Lebendige Zusammenkünfte

Eines der sichtbarsten Gefässe einer Gemeinde ist der Gottesdienst. Wie sieht ein Gottesdienst aus, der sowohl dem einzelnen Gemeindeglied als auch dem Aussenstehenden den Zugang zu Gott ermöglicht? Das beginnt sicherlich mit einem Perspektivenwechsel. Der Gottesdienst ist nicht ausschliesslich für die "Gläubigen" gedacht; er ist auch ein Ort, an dem Jesus fern stehende Menschen eine Begegnung mit ihm ermöglicht wird.

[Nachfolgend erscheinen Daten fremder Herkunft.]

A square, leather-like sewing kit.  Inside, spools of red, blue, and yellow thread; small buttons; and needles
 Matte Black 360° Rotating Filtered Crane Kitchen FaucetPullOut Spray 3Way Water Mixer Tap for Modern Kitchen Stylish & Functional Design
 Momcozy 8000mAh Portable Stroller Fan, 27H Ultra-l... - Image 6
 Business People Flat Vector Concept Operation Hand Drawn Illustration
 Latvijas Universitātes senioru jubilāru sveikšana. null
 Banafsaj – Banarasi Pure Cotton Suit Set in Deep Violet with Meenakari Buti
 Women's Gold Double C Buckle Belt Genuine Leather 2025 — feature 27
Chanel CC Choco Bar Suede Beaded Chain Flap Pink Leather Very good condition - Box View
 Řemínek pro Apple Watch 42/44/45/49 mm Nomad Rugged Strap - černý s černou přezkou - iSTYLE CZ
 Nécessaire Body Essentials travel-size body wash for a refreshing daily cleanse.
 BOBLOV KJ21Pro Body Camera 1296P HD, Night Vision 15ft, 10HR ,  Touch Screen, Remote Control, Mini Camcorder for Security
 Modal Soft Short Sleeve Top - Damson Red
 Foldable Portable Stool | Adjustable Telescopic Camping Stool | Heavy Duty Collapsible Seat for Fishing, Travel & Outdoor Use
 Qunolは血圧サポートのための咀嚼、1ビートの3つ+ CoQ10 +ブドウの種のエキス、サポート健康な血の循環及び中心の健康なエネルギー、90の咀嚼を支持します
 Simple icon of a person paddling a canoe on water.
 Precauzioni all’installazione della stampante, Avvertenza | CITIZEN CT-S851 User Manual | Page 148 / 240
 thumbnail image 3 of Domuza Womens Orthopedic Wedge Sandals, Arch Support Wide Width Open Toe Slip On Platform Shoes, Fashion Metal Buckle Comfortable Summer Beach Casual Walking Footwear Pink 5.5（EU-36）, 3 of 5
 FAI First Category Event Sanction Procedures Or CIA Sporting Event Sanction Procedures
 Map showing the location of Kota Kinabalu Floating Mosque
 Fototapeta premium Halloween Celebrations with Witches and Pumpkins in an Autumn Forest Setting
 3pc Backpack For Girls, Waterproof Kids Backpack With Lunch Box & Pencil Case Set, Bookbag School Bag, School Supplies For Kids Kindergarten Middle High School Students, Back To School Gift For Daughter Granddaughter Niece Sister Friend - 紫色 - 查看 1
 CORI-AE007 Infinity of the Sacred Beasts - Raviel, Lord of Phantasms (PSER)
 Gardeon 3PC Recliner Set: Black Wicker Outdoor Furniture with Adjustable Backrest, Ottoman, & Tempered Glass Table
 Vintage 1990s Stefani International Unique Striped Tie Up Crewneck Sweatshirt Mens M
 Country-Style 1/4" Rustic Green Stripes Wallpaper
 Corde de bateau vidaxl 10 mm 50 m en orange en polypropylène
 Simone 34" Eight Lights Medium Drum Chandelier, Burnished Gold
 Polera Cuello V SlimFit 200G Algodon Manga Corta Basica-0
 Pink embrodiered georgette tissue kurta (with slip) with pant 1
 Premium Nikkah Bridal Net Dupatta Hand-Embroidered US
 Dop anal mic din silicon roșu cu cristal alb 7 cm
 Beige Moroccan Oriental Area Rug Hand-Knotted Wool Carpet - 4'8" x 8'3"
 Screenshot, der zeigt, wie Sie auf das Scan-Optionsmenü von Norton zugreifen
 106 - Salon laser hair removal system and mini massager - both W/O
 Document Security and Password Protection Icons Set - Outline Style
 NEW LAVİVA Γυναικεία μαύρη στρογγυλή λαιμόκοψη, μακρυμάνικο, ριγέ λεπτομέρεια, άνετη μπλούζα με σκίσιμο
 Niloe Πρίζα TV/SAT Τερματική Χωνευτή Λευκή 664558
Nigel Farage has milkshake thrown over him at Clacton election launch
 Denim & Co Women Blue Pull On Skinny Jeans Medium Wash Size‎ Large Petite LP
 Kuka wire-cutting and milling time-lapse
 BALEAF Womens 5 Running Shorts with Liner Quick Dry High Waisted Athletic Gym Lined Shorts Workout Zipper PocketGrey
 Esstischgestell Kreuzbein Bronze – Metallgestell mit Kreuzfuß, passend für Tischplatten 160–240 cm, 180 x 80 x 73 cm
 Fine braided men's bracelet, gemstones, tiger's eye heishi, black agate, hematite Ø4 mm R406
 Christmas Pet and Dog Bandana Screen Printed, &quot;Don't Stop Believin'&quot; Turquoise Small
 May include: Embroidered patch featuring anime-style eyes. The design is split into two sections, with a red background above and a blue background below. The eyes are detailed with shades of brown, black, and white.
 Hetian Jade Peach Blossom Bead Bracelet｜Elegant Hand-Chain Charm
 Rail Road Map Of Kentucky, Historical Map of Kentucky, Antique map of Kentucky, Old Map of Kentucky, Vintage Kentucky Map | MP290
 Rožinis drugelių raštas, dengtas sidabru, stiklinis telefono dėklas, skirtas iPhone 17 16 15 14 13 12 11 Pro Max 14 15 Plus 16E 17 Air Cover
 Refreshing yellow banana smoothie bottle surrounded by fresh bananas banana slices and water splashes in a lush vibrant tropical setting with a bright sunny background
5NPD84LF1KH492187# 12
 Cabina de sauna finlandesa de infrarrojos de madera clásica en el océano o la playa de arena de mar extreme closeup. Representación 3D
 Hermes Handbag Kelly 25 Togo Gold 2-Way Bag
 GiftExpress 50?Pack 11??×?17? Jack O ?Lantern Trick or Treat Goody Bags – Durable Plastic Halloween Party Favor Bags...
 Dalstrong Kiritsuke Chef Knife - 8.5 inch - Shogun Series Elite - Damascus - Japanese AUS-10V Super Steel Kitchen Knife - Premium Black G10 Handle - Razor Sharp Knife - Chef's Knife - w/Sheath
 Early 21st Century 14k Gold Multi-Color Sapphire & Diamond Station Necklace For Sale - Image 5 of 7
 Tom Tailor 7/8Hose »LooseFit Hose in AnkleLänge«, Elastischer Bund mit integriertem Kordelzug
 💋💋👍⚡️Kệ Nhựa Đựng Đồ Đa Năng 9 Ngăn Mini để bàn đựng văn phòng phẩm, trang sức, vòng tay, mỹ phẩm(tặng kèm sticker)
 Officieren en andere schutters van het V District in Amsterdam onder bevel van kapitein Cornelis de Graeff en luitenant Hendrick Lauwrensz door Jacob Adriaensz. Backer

In den vergangenen Jahren wurde aber auch viel über "sucherorientierte" Gottesdienste oder "sucherempfindsamen" Gemeindebau gesagt und geschrieben. Ich hatte immer Schwierigkeiten, mich mit den Aussagen über diese Themen zu identifizieren, weil sie davon auszugehen schienen, dass der Gottesdienst ausschliesslich auf Jesus fernstehende Menschen ausgerichtet sein müsse. Die grössten Probleme hatte ich mit der Gegenüberstellung der gottesdienstlichen Inhalte: Erfahrung der Gegenwart des Heiligen Geistes oder Empfindsamkeit für den Suchenden. Diese beiden Anliegen müssen sich aber nicht zwangsläufig widersprechen. Eine nach aussen gerichtete Gemeinde wird keine Kompromisse mit dem Wirken des Heiligen Geistes schliessen müssen, um die Suchenden zu erreichen. Sie wird mit nachvollziehbaren Erklärungen dem suchenden Menschen dabei helfen können zu verstehen, was geschieht.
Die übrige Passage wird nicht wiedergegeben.